Bebió tranquilamente sus cervezas y fumó acompañado por un programa de radio
que hablaba sobre el cambio climático. Cambió de estación radiofónica, pero no
encontró nada de su agrado. Por momentos, mientras observada a la gente que
entraba y salía del restorán, recordó unos versos que Mónica le había leído.

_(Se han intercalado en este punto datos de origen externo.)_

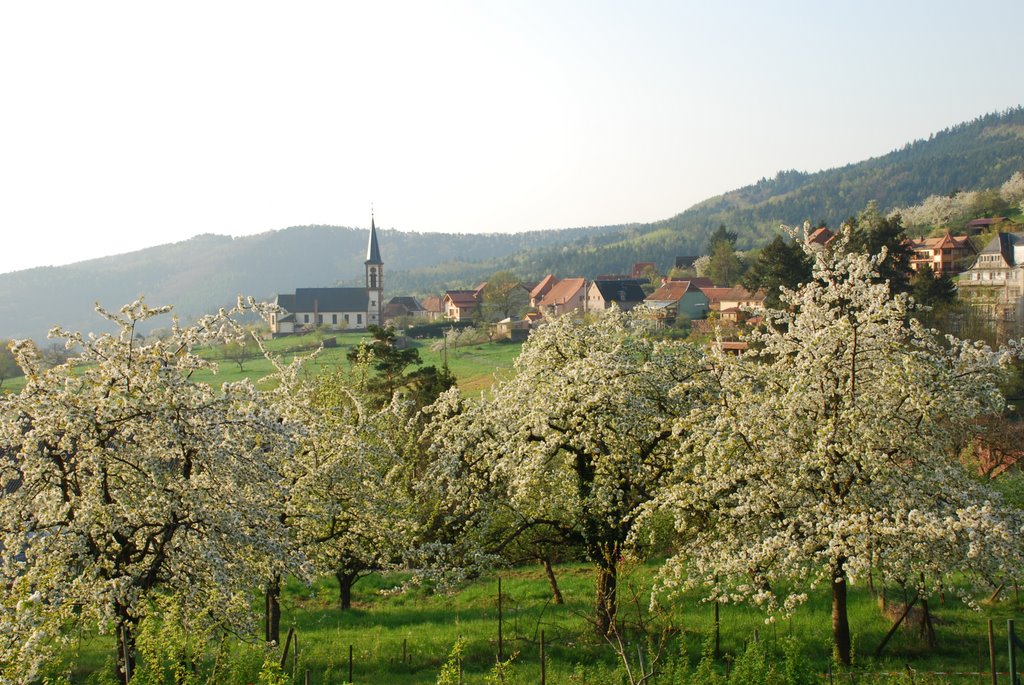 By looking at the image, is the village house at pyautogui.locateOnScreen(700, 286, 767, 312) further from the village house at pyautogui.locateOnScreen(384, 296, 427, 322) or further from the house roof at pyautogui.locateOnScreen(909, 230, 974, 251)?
the village house at pyautogui.locateOnScreen(384, 296, 427, 322)

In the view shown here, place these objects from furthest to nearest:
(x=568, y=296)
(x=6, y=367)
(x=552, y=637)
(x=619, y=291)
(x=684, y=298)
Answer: (x=568, y=296) → (x=619, y=291) → (x=684, y=298) → (x=6, y=367) → (x=552, y=637)

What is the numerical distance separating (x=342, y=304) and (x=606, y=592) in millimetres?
148816

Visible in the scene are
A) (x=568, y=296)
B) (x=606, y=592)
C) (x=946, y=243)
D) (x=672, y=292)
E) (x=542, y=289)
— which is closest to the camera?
(x=606, y=592)

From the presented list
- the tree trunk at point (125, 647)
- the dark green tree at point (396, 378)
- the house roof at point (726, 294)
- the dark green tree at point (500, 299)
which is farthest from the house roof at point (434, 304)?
the tree trunk at point (125, 647)

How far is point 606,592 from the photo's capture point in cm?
2347

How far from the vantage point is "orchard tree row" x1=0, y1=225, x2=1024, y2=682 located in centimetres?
1641

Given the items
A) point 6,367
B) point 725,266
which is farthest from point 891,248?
point 6,367

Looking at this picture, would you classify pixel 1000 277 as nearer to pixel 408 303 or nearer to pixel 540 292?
pixel 540 292

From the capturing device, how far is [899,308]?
19.5 meters

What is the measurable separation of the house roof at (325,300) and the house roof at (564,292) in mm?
34859

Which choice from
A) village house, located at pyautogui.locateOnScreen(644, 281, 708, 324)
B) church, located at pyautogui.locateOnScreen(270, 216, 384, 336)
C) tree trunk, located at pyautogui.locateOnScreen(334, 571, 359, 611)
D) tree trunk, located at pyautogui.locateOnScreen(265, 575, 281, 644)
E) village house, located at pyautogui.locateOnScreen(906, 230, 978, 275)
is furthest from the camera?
church, located at pyautogui.locateOnScreen(270, 216, 384, 336)

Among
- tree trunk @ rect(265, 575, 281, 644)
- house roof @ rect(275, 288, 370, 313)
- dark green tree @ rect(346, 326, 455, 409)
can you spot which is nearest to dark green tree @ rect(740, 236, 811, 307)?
dark green tree @ rect(346, 326, 455, 409)

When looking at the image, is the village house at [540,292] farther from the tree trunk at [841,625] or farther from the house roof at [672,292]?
the tree trunk at [841,625]

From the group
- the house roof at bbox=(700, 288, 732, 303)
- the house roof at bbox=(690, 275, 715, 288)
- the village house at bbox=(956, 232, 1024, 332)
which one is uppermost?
the village house at bbox=(956, 232, 1024, 332) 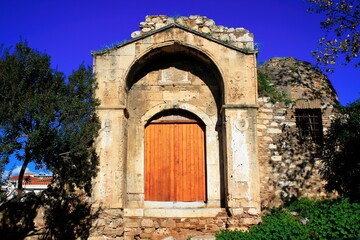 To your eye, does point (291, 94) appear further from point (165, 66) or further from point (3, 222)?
point (3, 222)

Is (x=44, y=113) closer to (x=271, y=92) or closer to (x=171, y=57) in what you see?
(x=171, y=57)

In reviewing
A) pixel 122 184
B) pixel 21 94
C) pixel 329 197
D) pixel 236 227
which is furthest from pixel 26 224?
pixel 329 197

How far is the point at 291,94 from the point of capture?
10.6m

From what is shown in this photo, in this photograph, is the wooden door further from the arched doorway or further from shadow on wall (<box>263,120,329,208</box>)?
shadow on wall (<box>263,120,329,208</box>)

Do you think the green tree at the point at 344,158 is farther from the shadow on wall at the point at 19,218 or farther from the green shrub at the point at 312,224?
the shadow on wall at the point at 19,218

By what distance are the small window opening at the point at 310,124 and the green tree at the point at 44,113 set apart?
5.54 meters

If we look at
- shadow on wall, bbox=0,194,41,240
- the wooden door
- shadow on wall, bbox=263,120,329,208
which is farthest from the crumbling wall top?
shadow on wall, bbox=0,194,41,240

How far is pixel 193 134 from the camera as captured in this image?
10000 mm

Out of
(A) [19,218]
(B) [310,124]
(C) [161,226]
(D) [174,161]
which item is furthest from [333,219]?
(A) [19,218]

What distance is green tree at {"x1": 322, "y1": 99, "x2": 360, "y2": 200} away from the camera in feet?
31.0

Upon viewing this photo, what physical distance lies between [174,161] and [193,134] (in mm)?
875

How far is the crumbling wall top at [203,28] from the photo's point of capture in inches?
416

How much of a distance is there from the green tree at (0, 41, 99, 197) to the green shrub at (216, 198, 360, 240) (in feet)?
11.9

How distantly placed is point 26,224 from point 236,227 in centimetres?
468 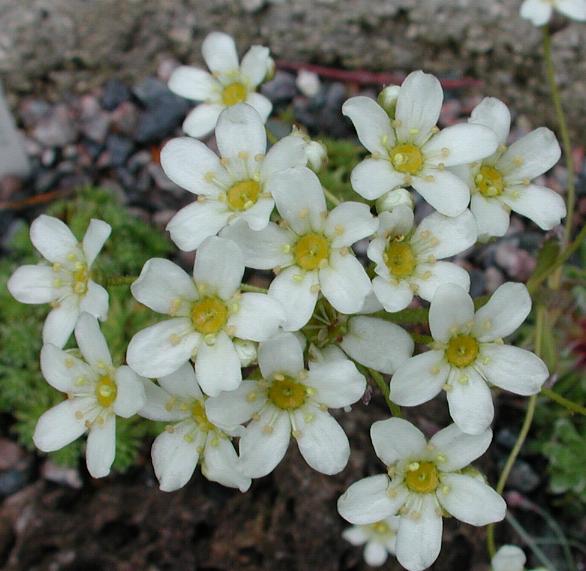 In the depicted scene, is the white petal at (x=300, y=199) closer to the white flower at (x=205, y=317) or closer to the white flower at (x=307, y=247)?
the white flower at (x=307, y=247)

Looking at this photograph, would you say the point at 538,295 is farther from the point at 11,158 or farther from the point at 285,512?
the point at 11,158

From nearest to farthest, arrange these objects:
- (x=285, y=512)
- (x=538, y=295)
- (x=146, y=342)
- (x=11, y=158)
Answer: (x=146, y=342)
(x=538, y=295)
(x=285, y=512)
(x=11, y=158)

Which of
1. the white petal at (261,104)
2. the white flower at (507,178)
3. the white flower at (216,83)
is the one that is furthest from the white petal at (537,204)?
the white flower at (216,83)

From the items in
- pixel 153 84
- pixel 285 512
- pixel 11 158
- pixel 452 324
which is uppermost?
pixel 452 324

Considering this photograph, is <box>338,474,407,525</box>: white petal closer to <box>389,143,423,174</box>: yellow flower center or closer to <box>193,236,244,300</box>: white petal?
<box>193,236,244,300</box>: white petal

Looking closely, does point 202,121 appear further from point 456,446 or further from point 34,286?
point 456,446

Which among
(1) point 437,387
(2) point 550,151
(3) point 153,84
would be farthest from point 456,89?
(1) point 437,387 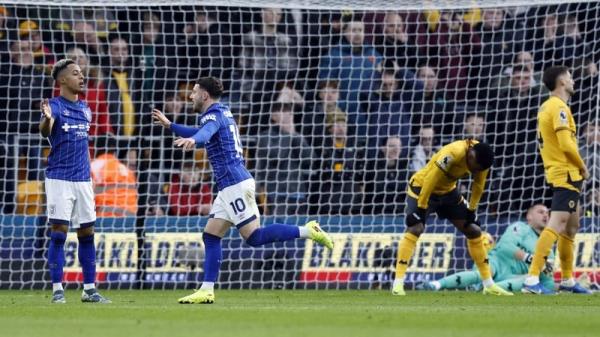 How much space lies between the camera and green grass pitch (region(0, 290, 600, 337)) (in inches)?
318

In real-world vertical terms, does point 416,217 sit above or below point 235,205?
below

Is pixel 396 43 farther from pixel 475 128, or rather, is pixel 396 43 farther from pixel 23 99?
pixel 23 99

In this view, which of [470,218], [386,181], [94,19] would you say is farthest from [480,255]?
[94,19]

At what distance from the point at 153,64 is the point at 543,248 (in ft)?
20.0

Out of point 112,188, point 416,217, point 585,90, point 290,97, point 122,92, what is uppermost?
point 585,90

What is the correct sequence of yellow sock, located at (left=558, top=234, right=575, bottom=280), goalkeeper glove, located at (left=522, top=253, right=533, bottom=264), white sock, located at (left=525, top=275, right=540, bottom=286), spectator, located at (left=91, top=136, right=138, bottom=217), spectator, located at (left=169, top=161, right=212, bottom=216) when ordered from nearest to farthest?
white sock, located at (left=525, top=275, right=540, bottom=286) < yellow sock, located at (left=558, top=234, right=575, bottom=280) < goalkeeper glove, located at (left=522, top=253, right=533, bottom=264) < spectator, located at (left=91, top=136, right=138, bottom=217) < spectator, located at (left=169, top=161, right=212, bottom=216)

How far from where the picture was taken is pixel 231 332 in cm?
795

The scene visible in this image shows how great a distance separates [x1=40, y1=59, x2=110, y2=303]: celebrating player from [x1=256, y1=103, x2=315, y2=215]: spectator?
542cm

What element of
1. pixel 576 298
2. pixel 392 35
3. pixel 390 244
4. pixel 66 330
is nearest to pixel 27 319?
pixel 66 330

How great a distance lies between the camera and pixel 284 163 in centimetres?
1728

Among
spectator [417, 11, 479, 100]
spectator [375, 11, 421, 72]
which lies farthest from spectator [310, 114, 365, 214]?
spectator [417, 11, 479, 100]

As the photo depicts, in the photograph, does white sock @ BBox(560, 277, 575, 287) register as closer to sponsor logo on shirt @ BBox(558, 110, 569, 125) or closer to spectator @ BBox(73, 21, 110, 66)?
sponsor logo on shirt @ BBox(558, 110, 569, 125)

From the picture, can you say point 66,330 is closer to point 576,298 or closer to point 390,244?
point 576,298

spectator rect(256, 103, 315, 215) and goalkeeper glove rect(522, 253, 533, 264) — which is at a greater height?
spectator rect(256, 103, 315, 215) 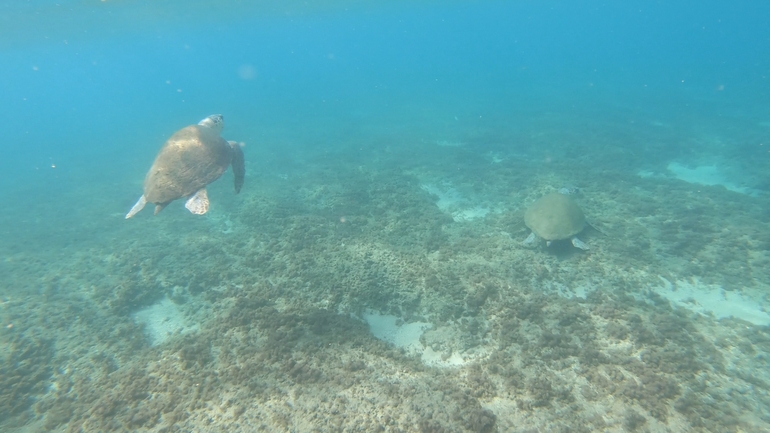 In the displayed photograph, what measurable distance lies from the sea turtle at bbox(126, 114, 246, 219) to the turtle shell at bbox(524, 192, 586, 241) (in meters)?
7.91

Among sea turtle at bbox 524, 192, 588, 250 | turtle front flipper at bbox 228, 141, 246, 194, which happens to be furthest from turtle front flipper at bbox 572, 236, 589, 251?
turtle front flipper at bbox 228, 141, 246, 194

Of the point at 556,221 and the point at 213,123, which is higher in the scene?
the point at 213,123

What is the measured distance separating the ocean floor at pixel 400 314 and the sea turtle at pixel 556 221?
533 mm

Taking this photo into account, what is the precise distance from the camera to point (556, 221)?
332 inches

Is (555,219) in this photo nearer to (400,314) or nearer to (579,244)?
(579,244)

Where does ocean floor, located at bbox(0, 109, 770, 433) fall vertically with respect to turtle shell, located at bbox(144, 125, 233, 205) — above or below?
below

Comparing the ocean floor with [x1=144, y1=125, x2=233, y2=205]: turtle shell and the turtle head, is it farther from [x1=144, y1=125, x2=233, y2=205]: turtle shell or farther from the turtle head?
the turtle head

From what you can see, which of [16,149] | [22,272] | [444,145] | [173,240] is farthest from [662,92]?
[16,149]

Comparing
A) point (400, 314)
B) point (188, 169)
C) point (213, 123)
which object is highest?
point (213, 123)

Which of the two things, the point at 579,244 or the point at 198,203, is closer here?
the point at 198,203

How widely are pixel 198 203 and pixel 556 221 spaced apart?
8.53 m

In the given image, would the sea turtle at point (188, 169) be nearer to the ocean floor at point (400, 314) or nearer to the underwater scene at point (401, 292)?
the underwater scene at point (401, 292)

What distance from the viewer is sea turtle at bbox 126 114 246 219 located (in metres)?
6.60

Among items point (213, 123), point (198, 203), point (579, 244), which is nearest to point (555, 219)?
point (579, 244) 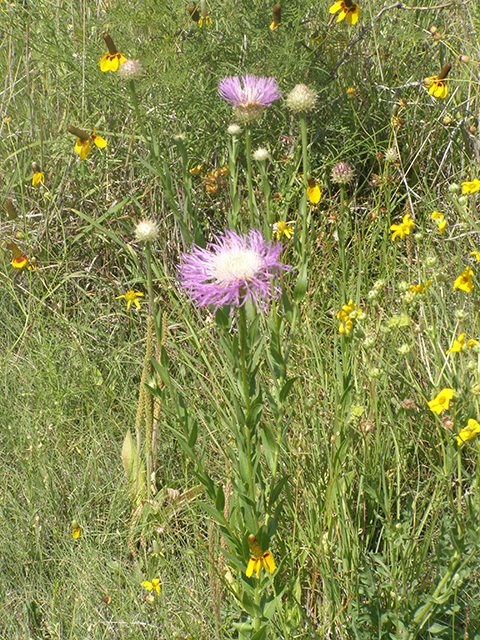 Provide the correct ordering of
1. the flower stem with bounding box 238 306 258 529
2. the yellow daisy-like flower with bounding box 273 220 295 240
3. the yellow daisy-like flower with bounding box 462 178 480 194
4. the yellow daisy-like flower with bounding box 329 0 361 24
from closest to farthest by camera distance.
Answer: the flower stem with bounding box 238 306 258 529
the yellow daisy-like flower with bounding box 462 178 480 194
the yellow daisy-like flower with bounding box 273 220 295 240
the yellow daisy-like flower with bounding box 329 0 361 24

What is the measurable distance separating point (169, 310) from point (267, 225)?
116 cm

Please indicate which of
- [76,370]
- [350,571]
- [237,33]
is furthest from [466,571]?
[237,33]

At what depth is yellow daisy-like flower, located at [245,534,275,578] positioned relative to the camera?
3.72 feet

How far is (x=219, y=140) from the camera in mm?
2545

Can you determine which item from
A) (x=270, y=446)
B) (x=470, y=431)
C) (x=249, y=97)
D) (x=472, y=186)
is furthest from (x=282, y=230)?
(x=470, y=431)

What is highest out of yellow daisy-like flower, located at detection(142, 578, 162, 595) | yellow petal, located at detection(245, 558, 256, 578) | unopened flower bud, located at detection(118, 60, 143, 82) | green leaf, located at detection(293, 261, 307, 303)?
unopened flower bud, located at detection(118, 60, 143, 82)

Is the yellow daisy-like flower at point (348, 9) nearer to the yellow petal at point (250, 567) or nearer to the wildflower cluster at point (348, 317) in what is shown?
the wildflower cluster at point (348, 317)

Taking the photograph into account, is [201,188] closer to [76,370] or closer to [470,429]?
[76,370]

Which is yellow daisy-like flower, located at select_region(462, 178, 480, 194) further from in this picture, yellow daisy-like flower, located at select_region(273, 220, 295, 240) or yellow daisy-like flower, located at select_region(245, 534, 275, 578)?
yellow daisy-like flower, located at select_region(245, 534, 275, 578)

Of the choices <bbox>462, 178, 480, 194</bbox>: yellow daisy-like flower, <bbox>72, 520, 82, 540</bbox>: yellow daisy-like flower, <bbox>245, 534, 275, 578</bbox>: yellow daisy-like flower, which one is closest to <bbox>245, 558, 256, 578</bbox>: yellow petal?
<bbox>245, 534, 275, 578</bbox>: yellow daisy-like flower

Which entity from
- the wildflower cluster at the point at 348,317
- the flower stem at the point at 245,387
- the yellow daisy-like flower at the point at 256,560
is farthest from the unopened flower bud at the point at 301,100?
the yellow daisy-like flower at the point at 256,560

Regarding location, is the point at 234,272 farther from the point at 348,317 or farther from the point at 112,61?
the point at 112,61

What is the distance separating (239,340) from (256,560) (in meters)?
0.50

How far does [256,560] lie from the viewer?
1.16 m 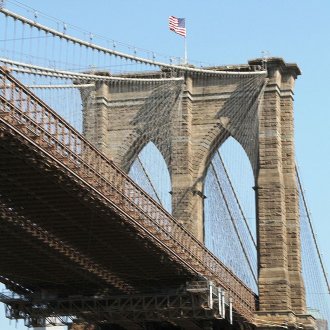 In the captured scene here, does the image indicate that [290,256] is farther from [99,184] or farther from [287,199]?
[99,184]

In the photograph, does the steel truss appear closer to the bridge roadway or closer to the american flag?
the bridge roadway

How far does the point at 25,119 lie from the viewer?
40.6 metres

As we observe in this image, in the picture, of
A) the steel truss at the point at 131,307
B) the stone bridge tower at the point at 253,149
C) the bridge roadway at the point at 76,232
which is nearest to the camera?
the bridge roadway at the point at 76,232

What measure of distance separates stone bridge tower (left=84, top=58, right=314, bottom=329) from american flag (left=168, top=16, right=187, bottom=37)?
2.24m

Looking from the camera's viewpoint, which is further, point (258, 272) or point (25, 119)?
point (258, 272)

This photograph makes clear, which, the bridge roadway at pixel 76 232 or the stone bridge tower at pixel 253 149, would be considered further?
the stone bridge tower at pixel 253 149

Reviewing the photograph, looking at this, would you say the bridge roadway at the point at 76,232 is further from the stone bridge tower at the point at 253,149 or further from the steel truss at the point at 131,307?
the stone bridge tower at the point at 253,149

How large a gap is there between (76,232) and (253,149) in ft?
47.5

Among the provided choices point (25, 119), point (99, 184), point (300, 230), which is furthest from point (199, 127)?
point (25, 119)

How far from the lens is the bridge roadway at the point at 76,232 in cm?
4197

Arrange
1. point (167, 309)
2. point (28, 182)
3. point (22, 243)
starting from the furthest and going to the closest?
point (167, 309)
point (22, 243)
point (28, 182)

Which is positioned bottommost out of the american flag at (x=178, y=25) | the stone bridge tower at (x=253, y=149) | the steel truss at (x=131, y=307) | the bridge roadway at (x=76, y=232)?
the steel truss at (x=131, y=307)

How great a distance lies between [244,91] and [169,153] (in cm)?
451

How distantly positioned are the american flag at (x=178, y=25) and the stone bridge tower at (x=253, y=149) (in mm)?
2244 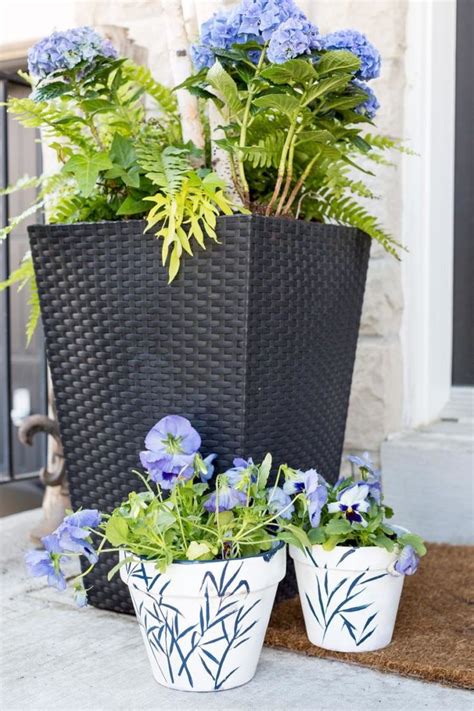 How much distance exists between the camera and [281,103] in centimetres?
129

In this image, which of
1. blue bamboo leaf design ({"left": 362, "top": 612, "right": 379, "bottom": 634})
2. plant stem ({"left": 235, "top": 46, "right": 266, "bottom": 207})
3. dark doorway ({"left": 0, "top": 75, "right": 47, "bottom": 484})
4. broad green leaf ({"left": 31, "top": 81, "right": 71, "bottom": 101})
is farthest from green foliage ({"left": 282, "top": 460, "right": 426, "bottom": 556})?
dark doorway ({"left": 0, "top": 75, "right": 47, "bottom": 484})

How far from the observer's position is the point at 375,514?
1.30 metres

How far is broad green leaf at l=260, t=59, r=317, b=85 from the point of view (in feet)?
4.03

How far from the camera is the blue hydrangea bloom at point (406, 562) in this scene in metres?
1.26

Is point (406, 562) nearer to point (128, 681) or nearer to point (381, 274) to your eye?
point (128, 681)

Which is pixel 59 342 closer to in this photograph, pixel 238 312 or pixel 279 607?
pixel 238 312

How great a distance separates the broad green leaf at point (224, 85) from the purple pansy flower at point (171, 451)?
1.65 ft

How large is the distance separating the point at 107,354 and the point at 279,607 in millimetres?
533

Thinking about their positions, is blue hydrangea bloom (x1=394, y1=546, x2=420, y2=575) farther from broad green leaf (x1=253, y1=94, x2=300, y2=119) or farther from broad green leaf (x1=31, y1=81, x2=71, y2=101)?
broad green leaf (x1=31, y1=81, x2=71, y2=101)

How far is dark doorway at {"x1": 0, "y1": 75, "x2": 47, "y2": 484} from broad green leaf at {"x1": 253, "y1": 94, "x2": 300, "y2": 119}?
1205mm

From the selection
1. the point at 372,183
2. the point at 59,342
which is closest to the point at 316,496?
the point at 59,342

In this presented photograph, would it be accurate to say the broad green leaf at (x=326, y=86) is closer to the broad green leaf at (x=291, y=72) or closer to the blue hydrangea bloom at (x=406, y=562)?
the broad green leaf at (x=291, y=72)

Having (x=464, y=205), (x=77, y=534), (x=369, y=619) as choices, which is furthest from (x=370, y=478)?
(x=464, y=205)

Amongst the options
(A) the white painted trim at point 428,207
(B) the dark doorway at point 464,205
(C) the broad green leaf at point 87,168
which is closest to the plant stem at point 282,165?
(C) the broad green leaf at point 87,168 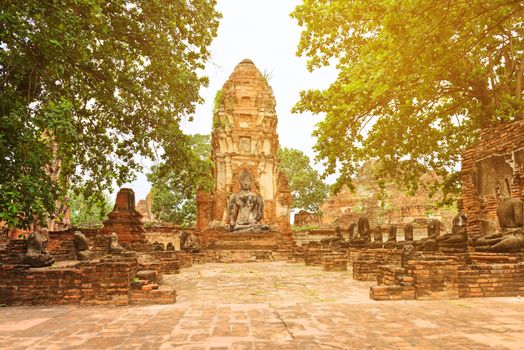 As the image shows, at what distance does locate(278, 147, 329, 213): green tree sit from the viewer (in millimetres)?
40666

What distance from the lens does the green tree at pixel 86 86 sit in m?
6.33

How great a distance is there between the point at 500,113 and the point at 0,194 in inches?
493

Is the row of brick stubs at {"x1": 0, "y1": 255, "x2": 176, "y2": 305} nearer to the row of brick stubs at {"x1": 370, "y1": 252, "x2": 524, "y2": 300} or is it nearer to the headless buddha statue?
the row of brick stubs at {"x1": 370, "y1": 252, "x2": 524, "y2": 300}

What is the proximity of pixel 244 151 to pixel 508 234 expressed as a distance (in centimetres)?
1740

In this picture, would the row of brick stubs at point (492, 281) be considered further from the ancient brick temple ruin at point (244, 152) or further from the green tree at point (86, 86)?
the ancient brick temple ruin at point (244, 152)

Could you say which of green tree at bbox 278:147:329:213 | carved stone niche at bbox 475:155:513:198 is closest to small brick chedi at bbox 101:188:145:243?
carved stone niche at bbox 475:155:513:198

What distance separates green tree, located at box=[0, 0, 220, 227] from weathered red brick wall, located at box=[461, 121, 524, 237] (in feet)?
27.6

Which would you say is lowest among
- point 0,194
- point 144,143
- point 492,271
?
point 492,271

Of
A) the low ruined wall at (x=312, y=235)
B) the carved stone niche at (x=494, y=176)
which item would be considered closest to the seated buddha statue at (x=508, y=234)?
the carved stone niche at (x=494, y=176)

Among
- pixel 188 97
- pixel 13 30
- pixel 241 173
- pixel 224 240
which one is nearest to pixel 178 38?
pixel 188 97

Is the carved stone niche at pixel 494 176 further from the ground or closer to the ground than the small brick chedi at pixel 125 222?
further from the ground

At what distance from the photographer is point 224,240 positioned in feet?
64.2

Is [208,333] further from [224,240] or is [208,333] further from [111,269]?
[224,240]

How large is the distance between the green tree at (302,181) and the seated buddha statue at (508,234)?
30.9 meters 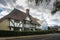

Miró su reloj: ya era tiempo. Sacó un paquete debajo del asiento, bajó de la
camioneta y atravesó la calle. El paquete no debería medir más de treinta centímetros, y lo guardó
dentro de la chamarra. Entró al restorán, y eligió sentarse en una mesa cercana
a la sala de fiestas, una habitación con un amplio ventanal y una enorme
puerta. El mesero se acercó. Pidió una cerveza y una orden de machaca. Pasaron
algunos minutos antes que se decidiera hacerlo. Se levantó y fue al baño. Había
memorizado el rostro de los meseros, en lo días previos. De regreso, se dirigió
a los baños de la sala de fiestas. Atravesó el salón, sin que nadie se
percatara de su existencia. Al salir, dejó caer el paquete en el cesto de la
basura, muy cerca de la mesa donde una comitiva comía y bebía. Salió del salón
como si nada. En su mesa, lo esperaban la machaca y la cerveza. Sólo probó la
machaca, y dio dos tragos a la cerveza. Dejó un billete de doscientos pesos, y
abandonó el restorán. Con el detonador en la mano, subió a la camioneta y
avanzó por las calles del pueblo. Todavía a doscientos metros, la explosión hizo cimbrar la Lobo del año.